Thursday, December 11, 2008

The Second Looking

The revulsion I felt at a particular moment in college comes to mind, from time to time. Revved up over an English class assignment to write a paper on The Second Coming, by W. B. Yeats, I stayed up all night crafting it, and thought I had hit a home run.

The professor, an awkward, gangly sort of fellow in his late-20s, gave me a “C” on it. A few days before he had given me a "B" on a pop quiz on a short story that I hadn't even read; all I knew was the title and who wrote it.

Well, I just had to ask him to explain to me what was wrong with the paper I had written on The Second Coming. In a private conference he told me my analysis of the poem didn't jibe with the accepted school of thought on what Yeats was saying. While admitting my writing and analytical technique were fine, he nervously explained that I was simply wrong in my conclusions, no matter how well-stated my case might have been.

Wrong!

That pissed me off, so I told him I thought that ambiguity could imply multiple meanings, and it deliberately invited alternative interpretations. Rather than defend as his rather narrow minded stance the man suddenly grabbed his face and broke into tears.

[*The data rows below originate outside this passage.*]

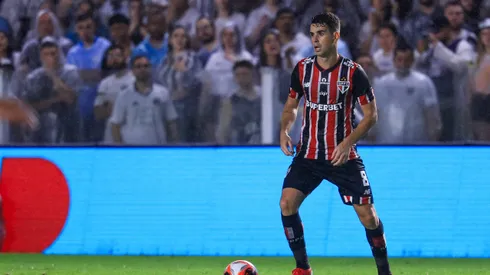 Oscar jogador do Sao Paulo durante partida contra o Santos no estadio Vila Belmiro pelo campeonato Paulista 2025.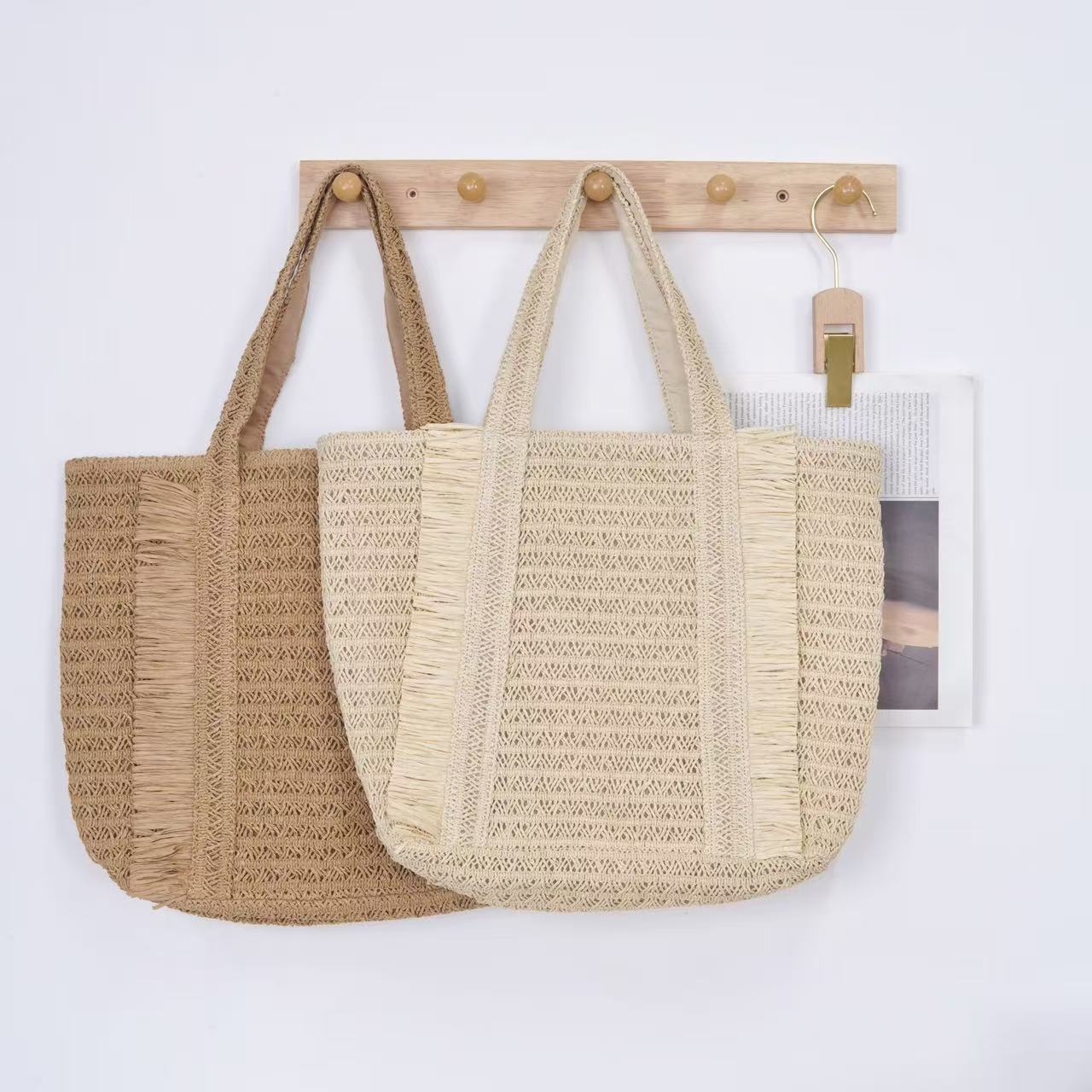 Handwoven Straw Beach Tote – Large Capacity Vacation Shoulder Bag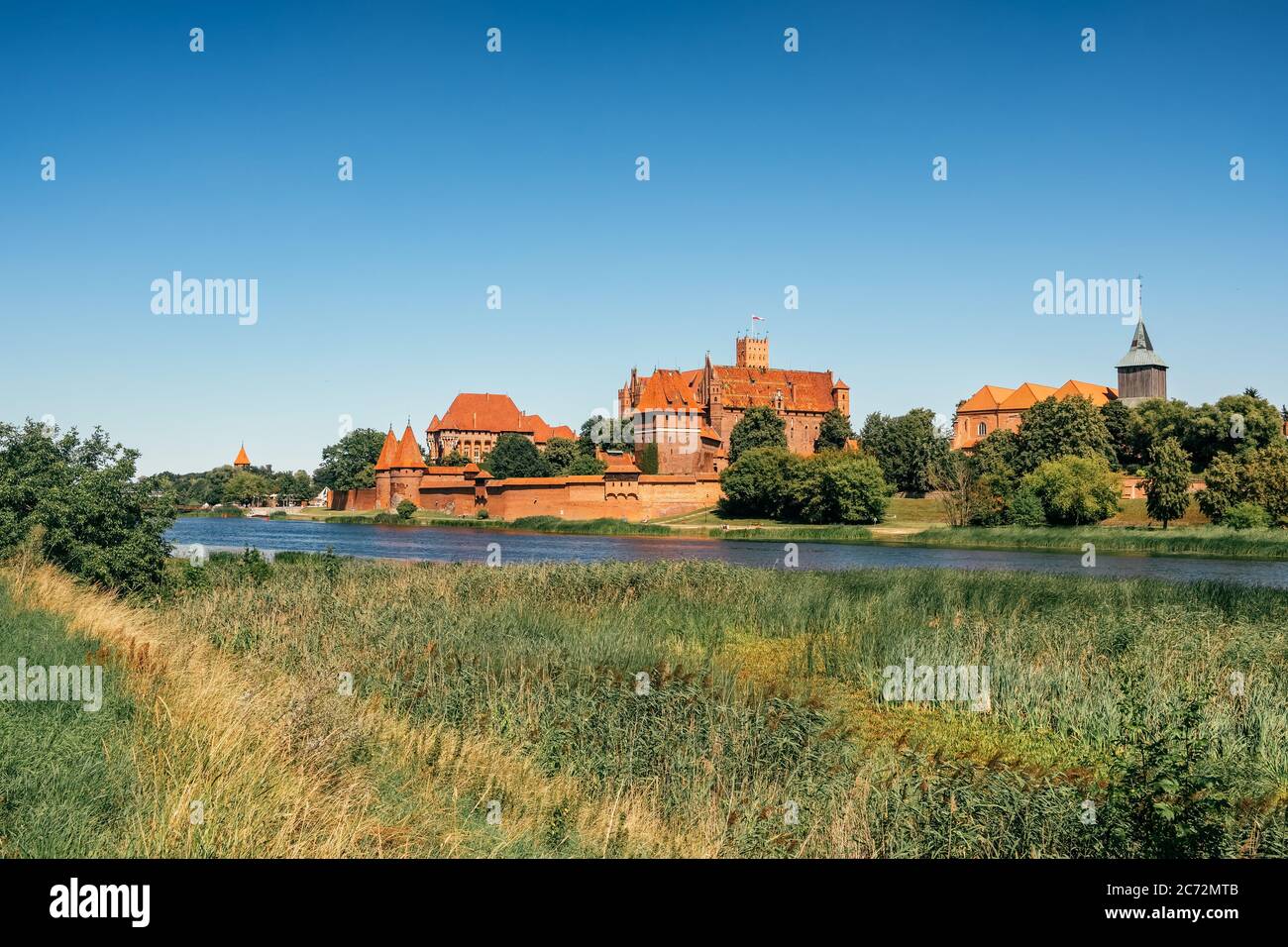 Castello teutonico in Malbork o Marienburg ad estate in Polonia Foto Stock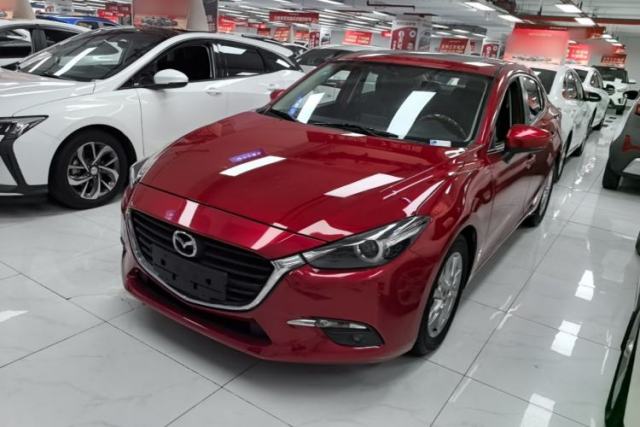 Ojetý Mazda 3 Axela 2017 Sedan 1.5L Automatic Luxury Model Emission Standard China V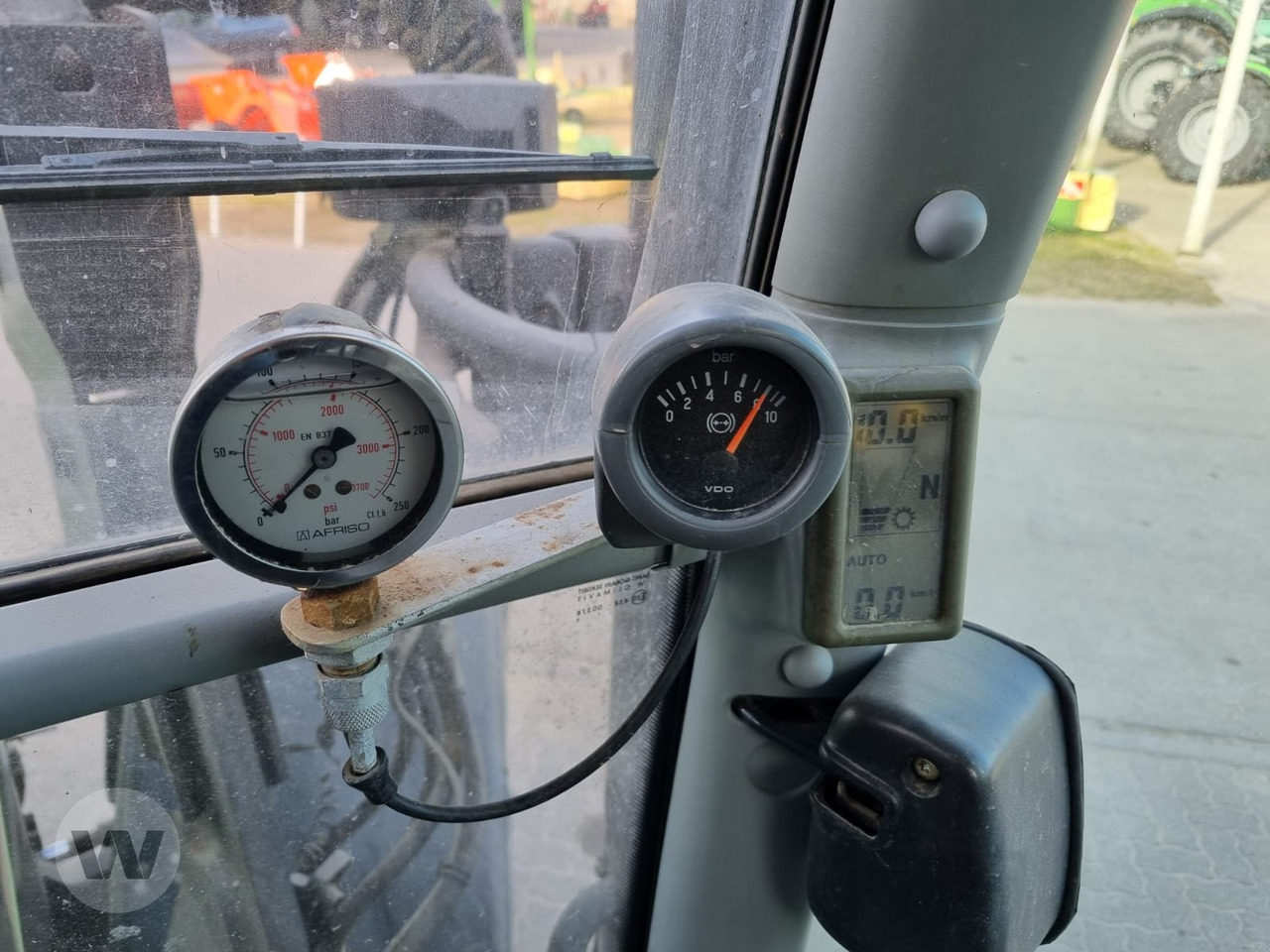 Deutz Agrotron TTV 620 - Trator: foto 3 Deutz Agrotron TTV 620 - Trator: foto 3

The sobbing professor went into a monologue on the shambles his life had fallen into. His personal life! Worst of all, he said, his deferral had just been denied by Selective Service, so he would soon be drafted.

He was wearing a pitiful brown suit. His thinning beige hair was oiled flat against his scalp. My anger over the bad grade turned into disgust from his out-of-control behavior. As I remember it, I walked out of his office to keep from telling him what I thought.

Now, 40 years later, I feel sorry as hell for the poor schlemiel. And, I can't understand why I had so little sympathy for him then. Instead, all I had to offer was the impatience of youth.

Over the years since, when I've read The Second Coming or seen a reference to it, that day's oddball occurrence flashes by. It did today.